Buying vegetable seedlings often happens to those who cultivate the vegetable garden to find themselves buying seedlings in the nursery. The best thing is to have the seedlings born on your own starting from the seed, since it allows for economic savings and greater satisfaction, but when there is no time or you are a beginner, buying ready-made plants is a great convenience.
For those who are inexperienced, buying is a good way to start growing without too many complications, skipping the delicate embryonic phase of the plant, while those who have cultivated for a long time can do it out of laziness or for reasons of time, or because things did not go in the seedbed. for the right way.
To avoid scams, you need to know how to choose the plants at the time of purchase. Here are some simple criteria to recognize those ready to transplant, which will develop best in our garden.
How to distinguish a good seedling
Let’s see together what to look at when we are choosing the plant in the nursery.
First criterion: the bearing of the plant
This test is what everyone does: you try to assess the health of the plant from its posture. It is not difficult to recognize a plant that looks good when looking at it: the straight stem, with a beautiful structure and green leaves. The plants to buy must be well developed and robust.
However, this first criterion is not enough, because it simply certifies a temporary state of health. The plant must not only be healthy, but it must also be the right time for the transplant. A seedling kept too long in a seedbed will have suffered from a shortage of nutrients and available soil. Transplanting it will suffer shock and could adapt badly to the soil of the garden, in the worst case it can go to seed prematurely. For this it is necessary to understand how long the plant was born and if it is too developed to stay in the bread of the earth and it is also necessary to rely on other criteria.
Second criterion: the roots
The plants in the nursery grow in small containers, the space for the roots is very little, as well as the availability of nutrients.

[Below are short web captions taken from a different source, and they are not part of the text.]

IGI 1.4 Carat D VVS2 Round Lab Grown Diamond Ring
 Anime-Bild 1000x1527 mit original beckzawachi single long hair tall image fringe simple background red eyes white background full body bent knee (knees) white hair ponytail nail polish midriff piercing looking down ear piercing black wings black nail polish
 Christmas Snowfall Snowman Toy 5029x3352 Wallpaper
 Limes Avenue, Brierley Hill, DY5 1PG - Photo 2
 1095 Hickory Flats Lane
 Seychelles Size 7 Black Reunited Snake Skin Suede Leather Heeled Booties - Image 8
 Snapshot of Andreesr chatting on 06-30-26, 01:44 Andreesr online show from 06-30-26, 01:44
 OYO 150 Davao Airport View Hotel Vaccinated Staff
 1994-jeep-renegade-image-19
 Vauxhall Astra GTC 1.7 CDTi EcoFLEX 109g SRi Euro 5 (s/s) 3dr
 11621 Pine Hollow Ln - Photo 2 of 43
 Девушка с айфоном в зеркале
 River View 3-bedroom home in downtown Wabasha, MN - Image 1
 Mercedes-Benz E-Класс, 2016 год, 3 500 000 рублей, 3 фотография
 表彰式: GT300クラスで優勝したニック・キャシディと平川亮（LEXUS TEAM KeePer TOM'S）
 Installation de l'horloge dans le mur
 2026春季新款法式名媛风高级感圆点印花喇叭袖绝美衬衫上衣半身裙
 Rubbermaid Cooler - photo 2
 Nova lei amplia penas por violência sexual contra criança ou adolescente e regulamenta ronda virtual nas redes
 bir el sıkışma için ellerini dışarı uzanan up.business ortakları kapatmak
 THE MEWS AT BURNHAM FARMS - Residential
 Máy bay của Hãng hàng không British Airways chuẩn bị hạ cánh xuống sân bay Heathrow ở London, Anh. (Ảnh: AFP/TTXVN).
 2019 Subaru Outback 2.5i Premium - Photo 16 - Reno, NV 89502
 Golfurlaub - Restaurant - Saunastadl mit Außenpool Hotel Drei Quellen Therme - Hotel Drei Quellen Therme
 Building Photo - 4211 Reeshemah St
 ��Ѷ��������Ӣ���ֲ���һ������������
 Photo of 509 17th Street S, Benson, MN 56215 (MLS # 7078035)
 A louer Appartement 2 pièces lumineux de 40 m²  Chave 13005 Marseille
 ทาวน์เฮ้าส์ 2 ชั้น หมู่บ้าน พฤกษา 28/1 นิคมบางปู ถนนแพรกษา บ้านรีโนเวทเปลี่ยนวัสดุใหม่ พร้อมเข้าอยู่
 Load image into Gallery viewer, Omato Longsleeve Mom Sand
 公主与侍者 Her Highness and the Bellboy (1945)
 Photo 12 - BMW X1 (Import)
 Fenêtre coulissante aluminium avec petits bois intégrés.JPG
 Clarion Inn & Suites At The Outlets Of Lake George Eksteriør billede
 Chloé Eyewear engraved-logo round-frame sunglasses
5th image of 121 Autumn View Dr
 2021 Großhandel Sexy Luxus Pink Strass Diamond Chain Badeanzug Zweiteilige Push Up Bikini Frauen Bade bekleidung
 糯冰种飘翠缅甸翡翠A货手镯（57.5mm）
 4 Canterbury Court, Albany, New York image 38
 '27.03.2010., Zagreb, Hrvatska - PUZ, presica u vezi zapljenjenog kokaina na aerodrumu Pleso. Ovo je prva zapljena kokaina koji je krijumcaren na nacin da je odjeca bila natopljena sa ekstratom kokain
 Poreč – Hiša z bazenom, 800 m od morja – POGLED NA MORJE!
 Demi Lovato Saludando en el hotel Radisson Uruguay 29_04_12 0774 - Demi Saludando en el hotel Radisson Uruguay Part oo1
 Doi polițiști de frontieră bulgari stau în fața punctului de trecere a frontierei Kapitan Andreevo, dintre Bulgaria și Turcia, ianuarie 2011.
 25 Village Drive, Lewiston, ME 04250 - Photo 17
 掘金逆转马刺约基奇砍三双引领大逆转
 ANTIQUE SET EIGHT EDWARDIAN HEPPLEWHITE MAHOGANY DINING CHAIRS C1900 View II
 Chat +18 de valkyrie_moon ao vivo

If we find trays where there are more roots than on earth we have to stay away from them. The examination of the roots of the seedling is simple: when the rootlets are many, all compressed, and above all twisted together, it means that it is a bit late for the transplant. Staying too long in the tray has produced many roots, but has also been stressed by the lack of space, better to buy smaller plants but at the correct age. In addition, you can also look at the color of the roots: the whiter they are, the healthier the plant is, to be avoided if the roots are brownish.
Examining the roots is always the best way to understand if a plant is of the right age to be transplanted, but it is not always possible to look inside the nursery trays. For this reason it is better to also have an external indicator, less precise but still useful.
Third criterion: the leaves
We can try to look at the state of the leaves to try to understand if the plant is suffering from a lack of nourishment. In particular, we focus our attention on the leaves that are located further down, near the collar: the basal leaves. When these leaves are yellowed or dried it is best to avoid the seedling: the faded color indicates that the leaves are bad for lack of nutrients, or that the plant is a little too old to fit in the tray, probably the plant will have roots under the ground twisted. The leaves turn yellow when the plant has no more nutritional elements and therefore decides to “sacrifice” the older leaves, allocating fewer resources to them.
To establish the age of the plant, it is also useful to count the number of true leaves produced: a plant with two or three true leaves (thus excluding cotyledons) is of the correct age for transplanting.
Check for the absence of parasites and diseases
To avoid bringing problems into your garden, by importing harmful insects or sick plants, it is good to check the seedlings in the nursery. If there are pitted leaves it is possible that there are insects, better leave the purchase alone. Cryptogamic diseases often manifest with yellow or brown mottled leaves. Another exam to do is related to earthen bread, where there should be no mold or rotten smell.
Other selection criteria- Buying vegetable seedlings
To choose the plants to buy, other useful criteria, independent of the health of the plant, may be related to the type of cultivation that has already been carried out in the nursery: the advice is to preferably choose certified organic seedlings.
Another criterion can be linked to the variety of the vegetable: if you buy F1 non-hybrid seedlings, there will be the possibility of safeguarding the seed for the following year and being able to replicate the cultivation without cost.
Now that you know how to choose the right plant, all that remains is to run to the nursery, buy the plants and transplant them.